Defending the Solomon Amendment

Yesterday, as Washington waited breathlessly for Patrick Fitzgerald’s news conference, I attended the monthly luncheon of the Washington Chapter of the Federalist Society. The speaker was Daniel Polsby, Dean of George Mason Law School. Dean Polsby, as entertaining a speaker as you’ll ever hear, is one of the authors of an amicus brief in a Supreme Court case that will test the constitutionality of the Solomon Amendment.

The Solomon Amendment conditions the receipt by universities of federal funds on their allowing military recruiters access to university students on campus. Elite law schools, deans, and professors have strenuously resisted the Solomon Amendment. They claim that forcing them to choose between losing federal money and countenancing appearances by representatives a bigoted (against gays) military violates their right to freedom of association. In 2003 they commenced litigation challenging the constitutionality of the Solomon Amendment under the auspices of the Forum for Academic and Institutional Rights (FAIR). The Third Circuit Court of Appeals sided with “FAIR” and held the Solomon Amendment unconstitutional. As I mentioned, the Supreme Court will review that decision this term and, in my opinion, probably reverse it. Scott has written extensively about the case, most recently here.

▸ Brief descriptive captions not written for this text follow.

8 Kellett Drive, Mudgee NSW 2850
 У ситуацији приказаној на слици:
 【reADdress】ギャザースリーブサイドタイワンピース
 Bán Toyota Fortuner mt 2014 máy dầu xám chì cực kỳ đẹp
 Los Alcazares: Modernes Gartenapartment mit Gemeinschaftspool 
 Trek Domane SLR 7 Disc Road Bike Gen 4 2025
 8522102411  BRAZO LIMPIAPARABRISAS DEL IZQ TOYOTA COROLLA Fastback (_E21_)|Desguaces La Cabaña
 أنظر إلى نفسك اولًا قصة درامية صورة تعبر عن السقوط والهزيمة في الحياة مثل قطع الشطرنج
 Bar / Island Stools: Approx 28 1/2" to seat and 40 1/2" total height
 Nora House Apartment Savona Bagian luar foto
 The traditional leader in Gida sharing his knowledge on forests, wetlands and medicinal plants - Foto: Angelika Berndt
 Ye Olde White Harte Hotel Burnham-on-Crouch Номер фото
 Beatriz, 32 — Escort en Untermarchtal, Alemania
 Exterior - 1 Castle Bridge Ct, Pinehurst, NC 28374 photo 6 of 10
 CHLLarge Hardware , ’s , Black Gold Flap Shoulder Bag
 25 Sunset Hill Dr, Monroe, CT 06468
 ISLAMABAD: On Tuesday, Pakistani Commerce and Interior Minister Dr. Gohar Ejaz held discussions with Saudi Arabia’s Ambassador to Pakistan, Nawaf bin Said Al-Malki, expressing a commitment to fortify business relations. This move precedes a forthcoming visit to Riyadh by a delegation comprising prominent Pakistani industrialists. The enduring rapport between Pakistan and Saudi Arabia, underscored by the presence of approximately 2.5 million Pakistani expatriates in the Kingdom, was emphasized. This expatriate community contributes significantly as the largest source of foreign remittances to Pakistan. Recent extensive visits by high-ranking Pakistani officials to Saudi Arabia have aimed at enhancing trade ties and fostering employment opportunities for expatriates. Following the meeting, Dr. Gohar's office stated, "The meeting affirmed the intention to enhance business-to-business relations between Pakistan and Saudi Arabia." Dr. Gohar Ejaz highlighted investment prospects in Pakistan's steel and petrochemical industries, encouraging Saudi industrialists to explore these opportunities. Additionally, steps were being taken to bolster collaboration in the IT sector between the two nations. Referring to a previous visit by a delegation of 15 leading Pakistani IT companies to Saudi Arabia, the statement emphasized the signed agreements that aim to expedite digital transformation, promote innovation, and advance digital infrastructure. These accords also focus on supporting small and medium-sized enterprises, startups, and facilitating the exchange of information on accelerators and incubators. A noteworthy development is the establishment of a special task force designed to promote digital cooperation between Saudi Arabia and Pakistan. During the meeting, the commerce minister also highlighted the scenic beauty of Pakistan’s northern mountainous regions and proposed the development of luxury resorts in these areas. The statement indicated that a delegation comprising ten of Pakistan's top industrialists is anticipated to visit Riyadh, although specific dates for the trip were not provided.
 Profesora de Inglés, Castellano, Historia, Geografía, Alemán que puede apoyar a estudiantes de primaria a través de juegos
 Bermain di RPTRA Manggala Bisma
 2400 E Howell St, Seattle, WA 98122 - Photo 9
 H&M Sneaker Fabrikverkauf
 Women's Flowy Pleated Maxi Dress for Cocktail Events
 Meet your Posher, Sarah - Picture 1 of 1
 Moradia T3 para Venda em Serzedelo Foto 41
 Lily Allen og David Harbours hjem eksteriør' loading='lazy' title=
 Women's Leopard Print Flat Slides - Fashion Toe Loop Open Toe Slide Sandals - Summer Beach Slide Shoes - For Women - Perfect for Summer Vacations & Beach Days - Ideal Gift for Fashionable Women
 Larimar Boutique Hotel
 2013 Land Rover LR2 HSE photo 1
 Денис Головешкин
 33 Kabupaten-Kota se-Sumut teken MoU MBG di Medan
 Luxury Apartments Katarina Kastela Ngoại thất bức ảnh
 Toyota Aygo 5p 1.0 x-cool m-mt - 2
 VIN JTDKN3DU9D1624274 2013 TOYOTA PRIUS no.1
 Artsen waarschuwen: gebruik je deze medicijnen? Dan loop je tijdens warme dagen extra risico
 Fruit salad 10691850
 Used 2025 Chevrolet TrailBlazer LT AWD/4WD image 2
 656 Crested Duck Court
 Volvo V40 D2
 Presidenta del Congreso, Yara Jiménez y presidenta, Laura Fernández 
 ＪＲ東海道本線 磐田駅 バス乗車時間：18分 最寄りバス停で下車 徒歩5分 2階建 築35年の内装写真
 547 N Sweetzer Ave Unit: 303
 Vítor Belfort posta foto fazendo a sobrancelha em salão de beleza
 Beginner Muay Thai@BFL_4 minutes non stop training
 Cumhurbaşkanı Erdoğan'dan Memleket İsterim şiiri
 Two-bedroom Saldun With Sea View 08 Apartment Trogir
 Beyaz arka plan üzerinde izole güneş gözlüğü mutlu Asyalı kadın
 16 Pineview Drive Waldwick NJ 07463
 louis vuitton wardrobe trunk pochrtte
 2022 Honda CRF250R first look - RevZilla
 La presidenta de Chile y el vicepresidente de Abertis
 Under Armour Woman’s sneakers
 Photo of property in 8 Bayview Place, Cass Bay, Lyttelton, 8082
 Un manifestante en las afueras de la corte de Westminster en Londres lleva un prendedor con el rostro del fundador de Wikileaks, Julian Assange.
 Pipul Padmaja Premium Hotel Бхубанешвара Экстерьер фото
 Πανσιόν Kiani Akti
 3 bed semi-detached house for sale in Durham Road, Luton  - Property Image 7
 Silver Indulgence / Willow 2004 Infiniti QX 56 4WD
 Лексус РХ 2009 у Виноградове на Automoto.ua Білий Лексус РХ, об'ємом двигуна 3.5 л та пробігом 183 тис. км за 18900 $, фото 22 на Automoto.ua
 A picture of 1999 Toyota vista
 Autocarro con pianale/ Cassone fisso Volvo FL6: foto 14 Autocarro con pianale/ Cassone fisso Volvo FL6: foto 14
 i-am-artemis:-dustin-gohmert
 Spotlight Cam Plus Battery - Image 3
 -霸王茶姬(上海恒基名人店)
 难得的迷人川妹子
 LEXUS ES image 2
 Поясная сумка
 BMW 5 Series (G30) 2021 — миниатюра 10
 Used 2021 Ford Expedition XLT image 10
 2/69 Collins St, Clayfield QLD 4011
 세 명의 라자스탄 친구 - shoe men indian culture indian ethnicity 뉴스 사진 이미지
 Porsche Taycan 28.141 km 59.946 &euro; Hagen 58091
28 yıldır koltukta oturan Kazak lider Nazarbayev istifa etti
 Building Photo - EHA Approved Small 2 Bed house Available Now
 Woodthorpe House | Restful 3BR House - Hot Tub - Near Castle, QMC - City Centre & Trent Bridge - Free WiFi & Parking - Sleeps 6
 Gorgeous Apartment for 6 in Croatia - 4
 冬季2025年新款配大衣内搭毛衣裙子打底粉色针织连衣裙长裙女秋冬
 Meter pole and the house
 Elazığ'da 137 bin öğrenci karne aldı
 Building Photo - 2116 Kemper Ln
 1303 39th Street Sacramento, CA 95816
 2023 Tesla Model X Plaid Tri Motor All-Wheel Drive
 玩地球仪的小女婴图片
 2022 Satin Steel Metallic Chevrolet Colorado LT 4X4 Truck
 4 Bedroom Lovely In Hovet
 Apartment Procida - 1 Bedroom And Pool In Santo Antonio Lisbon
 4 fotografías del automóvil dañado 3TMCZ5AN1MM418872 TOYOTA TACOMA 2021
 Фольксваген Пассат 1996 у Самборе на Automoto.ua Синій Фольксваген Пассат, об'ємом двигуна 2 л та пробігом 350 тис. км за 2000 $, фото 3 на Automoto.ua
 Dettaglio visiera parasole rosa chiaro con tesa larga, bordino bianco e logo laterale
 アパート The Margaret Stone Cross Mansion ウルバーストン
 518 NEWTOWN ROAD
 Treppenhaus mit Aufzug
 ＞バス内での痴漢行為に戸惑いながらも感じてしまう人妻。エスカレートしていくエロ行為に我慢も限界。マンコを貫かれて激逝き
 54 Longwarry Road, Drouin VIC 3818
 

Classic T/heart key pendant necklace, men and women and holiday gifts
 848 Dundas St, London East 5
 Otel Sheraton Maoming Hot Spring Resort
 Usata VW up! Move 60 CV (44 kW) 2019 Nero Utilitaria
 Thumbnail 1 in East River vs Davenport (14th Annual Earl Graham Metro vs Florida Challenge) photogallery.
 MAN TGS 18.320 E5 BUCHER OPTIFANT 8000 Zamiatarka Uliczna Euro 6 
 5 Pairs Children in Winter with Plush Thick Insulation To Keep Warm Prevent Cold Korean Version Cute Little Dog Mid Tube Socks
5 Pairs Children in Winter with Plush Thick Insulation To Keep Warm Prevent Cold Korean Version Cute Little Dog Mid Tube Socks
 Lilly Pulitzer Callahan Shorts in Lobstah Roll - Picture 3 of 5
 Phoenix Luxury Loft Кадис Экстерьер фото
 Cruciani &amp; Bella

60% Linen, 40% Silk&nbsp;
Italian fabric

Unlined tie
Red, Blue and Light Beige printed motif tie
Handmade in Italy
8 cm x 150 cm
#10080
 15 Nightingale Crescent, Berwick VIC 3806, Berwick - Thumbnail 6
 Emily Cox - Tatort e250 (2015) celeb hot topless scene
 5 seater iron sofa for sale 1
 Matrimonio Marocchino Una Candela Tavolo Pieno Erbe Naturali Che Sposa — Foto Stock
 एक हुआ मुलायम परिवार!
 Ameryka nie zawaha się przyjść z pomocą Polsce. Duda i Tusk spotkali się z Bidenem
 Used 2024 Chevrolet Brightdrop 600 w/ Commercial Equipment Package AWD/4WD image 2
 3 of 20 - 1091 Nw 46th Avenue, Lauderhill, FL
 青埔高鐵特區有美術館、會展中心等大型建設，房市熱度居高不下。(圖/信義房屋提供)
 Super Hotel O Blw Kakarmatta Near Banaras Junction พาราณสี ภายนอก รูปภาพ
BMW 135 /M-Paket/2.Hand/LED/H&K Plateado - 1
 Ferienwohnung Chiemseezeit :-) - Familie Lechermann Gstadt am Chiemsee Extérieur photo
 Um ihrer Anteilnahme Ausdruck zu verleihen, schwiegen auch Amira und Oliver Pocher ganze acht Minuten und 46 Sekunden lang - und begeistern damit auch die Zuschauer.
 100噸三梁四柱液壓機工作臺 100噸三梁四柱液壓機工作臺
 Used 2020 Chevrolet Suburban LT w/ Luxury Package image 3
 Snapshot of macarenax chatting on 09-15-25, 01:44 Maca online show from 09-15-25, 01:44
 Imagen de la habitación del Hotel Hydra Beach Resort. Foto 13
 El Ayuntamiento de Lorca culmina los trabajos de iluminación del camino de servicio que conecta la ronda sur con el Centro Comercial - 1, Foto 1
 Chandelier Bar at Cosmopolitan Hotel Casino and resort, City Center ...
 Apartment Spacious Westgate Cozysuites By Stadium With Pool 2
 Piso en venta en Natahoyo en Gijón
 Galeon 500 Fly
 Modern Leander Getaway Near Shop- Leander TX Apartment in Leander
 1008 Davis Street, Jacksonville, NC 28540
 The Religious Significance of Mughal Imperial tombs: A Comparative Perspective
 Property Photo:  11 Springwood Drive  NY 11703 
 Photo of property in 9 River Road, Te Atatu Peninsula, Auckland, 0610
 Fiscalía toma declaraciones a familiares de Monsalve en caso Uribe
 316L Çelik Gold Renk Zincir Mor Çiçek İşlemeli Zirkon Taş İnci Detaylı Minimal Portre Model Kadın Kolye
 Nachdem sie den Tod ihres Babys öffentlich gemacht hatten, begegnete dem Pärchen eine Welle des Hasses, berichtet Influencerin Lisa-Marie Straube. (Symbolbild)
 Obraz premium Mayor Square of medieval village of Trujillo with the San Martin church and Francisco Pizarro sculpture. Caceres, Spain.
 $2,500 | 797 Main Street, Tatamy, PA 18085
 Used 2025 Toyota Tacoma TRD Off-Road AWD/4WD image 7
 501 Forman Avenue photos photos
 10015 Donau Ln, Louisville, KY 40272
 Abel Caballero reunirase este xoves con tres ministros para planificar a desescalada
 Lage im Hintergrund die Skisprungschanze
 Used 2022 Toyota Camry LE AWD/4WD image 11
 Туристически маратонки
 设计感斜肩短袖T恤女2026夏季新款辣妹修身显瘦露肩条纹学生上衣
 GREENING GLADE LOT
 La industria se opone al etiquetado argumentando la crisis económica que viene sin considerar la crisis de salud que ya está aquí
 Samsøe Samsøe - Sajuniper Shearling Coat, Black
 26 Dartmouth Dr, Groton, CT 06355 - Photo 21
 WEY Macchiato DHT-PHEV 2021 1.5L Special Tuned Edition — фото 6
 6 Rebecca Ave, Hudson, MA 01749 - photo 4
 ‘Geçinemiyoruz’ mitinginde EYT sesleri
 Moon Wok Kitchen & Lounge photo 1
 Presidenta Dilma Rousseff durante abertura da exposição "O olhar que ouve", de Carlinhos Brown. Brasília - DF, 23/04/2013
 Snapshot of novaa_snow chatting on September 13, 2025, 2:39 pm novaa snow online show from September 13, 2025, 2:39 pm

Here is the Polsby amicus (co-authored by professors Nelson Lund and Joseph Zengerle of George Mason and private attorneys Andrew McBride, William Consovey, and Seth Wood of the Wiley, Rein & Fielding law firm). The brief is something of a blog legend — Todd Zywicki, another George Mason law professor, used his space at the Volokh Conspiracy to successfully “recruit” other law professors to sign the brief.

One of the many great points Dean Polsby made about the Solomon Amendment yesterday was that the law schools challenging the Amendment seem motivated more by anti-military sentiment than by sympathy for gay rights (the suit assumes the legality of the underlying “don’t ask, don’t tell” policy). Polsby, a professor for decades, notes that the liberal professoriate was defending its sensibilities against the military at a time when gay rights were a non-issue.

If, as I expect, the Supreme Court upholds the Solomon Amendment, both sets of lofty motives (anti-military animus and pro-gay rights sentiment) will likely be insufficient to induce liberal law schools to stand on principle and turn down federal money.